Christina Stephenson has declared victory in the labor commissioner race. (Campaign photo)
Employment attorney Christina Stephenson held a more than 20-point lead over her competitor in the race to lead the Oregon Bureau of Labor and Industries, leading her campaign to declare victory Tuesday night.
Though final results could be days away, by Wednesday morning, polls continued to show Stephenson, who had a huge fundraising advantage, leading by about 61% compared to 40% for her competitor, Bend restaurant owner and former Republican lawmaker Cheri Helt. Helt has not yet conceded the race.
BOLI enforces anti-discrimination, labor and civil rights laws in the workplace and in housing and oversees apprenticeship programs and state workforce development programs.
In a statement Tuesday night, Christenson wrote that she was prepared to get to work immediately as commissioner.
“I’m ready to roll up my sleeves on day one: expanding apprenticeship and job training opportunities; ensuring small businesses get the support they need; and working through the backlog of potential civil rights and wage violations, so that every Oregon worker can confidently access their rights in the workplace,” Stephenson wrote.
Stephenson has won a majority of votes in 17 of the state’s 36 counties, including 80% of the vote in Multnomah County, the most populous.
She would replace former commissioner Val Hoyle, who declared victory in her election to represent Oregon’s 4th Congressional District in Congress, and would oversee a current biennial budget of more than $62 million. The role of commissioner is nonpartisan and has a four-year term.

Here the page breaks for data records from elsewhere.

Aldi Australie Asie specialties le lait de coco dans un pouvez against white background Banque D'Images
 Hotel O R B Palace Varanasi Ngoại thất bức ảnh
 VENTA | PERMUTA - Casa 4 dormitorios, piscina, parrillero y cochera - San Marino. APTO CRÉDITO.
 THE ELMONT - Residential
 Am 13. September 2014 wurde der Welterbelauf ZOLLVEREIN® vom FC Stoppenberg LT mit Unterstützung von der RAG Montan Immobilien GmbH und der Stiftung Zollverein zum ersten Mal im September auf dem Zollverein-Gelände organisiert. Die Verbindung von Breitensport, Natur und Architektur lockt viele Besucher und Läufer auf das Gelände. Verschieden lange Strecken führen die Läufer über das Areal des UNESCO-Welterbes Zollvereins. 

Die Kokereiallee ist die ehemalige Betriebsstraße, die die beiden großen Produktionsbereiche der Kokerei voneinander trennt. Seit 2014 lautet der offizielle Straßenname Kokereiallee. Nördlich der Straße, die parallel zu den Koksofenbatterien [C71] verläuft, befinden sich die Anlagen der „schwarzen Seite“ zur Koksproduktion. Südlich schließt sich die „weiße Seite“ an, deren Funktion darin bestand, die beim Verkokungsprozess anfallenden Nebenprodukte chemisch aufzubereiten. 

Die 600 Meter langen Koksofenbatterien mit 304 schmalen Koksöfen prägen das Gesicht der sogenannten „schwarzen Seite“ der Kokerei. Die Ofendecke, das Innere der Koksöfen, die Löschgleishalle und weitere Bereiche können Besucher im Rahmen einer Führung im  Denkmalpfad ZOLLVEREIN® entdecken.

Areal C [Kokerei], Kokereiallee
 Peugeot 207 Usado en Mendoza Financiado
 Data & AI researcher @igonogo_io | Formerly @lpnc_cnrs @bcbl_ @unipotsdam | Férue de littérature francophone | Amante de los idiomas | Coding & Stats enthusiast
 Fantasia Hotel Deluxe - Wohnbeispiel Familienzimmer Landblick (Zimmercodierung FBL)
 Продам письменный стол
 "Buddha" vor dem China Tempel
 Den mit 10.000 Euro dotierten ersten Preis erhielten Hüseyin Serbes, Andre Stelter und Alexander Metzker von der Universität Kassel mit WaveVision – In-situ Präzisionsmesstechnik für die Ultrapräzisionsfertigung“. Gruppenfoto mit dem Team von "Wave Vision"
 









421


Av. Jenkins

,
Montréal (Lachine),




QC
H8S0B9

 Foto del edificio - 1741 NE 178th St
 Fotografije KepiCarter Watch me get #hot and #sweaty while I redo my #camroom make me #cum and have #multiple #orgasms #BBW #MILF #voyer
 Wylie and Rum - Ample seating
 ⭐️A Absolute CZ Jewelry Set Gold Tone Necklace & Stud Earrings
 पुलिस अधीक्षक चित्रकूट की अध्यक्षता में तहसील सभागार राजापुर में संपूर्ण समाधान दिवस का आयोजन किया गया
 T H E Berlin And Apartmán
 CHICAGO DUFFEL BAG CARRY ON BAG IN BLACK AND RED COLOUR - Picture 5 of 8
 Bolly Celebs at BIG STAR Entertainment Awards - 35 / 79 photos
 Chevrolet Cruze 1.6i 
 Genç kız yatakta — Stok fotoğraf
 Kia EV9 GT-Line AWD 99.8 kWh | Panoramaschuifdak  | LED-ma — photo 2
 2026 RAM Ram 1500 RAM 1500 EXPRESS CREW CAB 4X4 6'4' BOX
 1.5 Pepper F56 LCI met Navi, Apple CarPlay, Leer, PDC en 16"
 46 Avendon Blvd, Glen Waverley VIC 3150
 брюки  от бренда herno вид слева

In a statement, the statewide federation of unions Oregon AFL-CIO called her an advocate for working people.
“We are ecstatic about Christina Stephenson’s victory, and know that as our next labor commissioner, she’ll be a strong advocate for workers in every sector of our state’s diverse economy,” the group wrote. It represents about 300,000 workers in Oregon, and had endorsed Stephenson in her campaign.
Stephenson raised nearly $1.7 million compared with $537,000 for Helt, according to Secretary of State campaign finance data.
Helt, owner of Zydeco Kitchen and Cocktails in Bend, is a former Republican state House representative and former member of the Bend-La Pine School District. Like Stephenson, she campaigned on expanding apprenticeship programs in the state and addressing the agency’s backlog of civil rights cases, though the two differed on the management of the agency’s budget. Helt did not respond to calls, emails and texts by Wednesday afternoon.